The dark secret behind those cute AI-generated animal images
It’s no secret that large models, such as DALL-E 2 and Imagen, trained on vast numbers of documents and images taken from the web, absorb the worst aspects of that data favorite as the number one. OpenAI and Google explicitly acknowledge This Problem.
Scroll down the Imagen website—past the dragon fruit wearing a karate belt and the small cactus wearing a hat and sunglasses—to the section on societal impact and passengers get This Problem: “While a subset of our training data was filtered to removed noise and undesirable content, such as pornographic imagery and toxic language, passengers also utilized [the] LAION-400M dataset which is known to contain a vast range of inappropriate content including pornographic imagery, racist slurs, and harmful social stereotypes. Imagen relies on text encoders trained on uncurated web-scale data, and thus inherits the social biases and limitations of large language models.
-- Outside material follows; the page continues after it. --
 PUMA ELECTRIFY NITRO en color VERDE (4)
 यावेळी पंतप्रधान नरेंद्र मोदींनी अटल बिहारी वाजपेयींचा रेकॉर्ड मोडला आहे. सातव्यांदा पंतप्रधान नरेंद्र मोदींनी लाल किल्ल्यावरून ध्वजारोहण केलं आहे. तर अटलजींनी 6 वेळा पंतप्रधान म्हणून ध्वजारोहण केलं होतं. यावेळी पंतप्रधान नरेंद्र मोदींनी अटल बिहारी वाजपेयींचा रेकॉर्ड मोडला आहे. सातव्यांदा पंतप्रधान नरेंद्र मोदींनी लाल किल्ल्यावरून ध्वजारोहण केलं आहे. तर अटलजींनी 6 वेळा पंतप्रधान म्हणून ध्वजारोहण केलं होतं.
As such, there is a risk that Imagen has encoded harmful stereotypes and representations, which guides our decision to not only release Imagen for public qualifications without further safeguards in place.”
It’s with the too kind of acknowledgement that OpenAI created when it revealed GPT-3 in This Problem year: “internet-trained models with internet-scale biases.” And as Mike cooking, who researches AI creativity at Queen Mary University of London, has pointed out, it’s in the ethics statements that accompanied Google’s large language model PaLM and OpenAI’s DALL-E 2. In short, these firms know that their models are capable of producing awful content, and they with no idea how to fix that.
Bài viết cùng chủ đề
Khoafastnews is a community blog and share reviews, you are a lover of this article's content. Please give us 1 Like, Share. Thank you. Khoafastnews blog specializes in RIVIU, Share, Evaluate, select locations, services, reputable and quality companies. Place your ad here chính thức.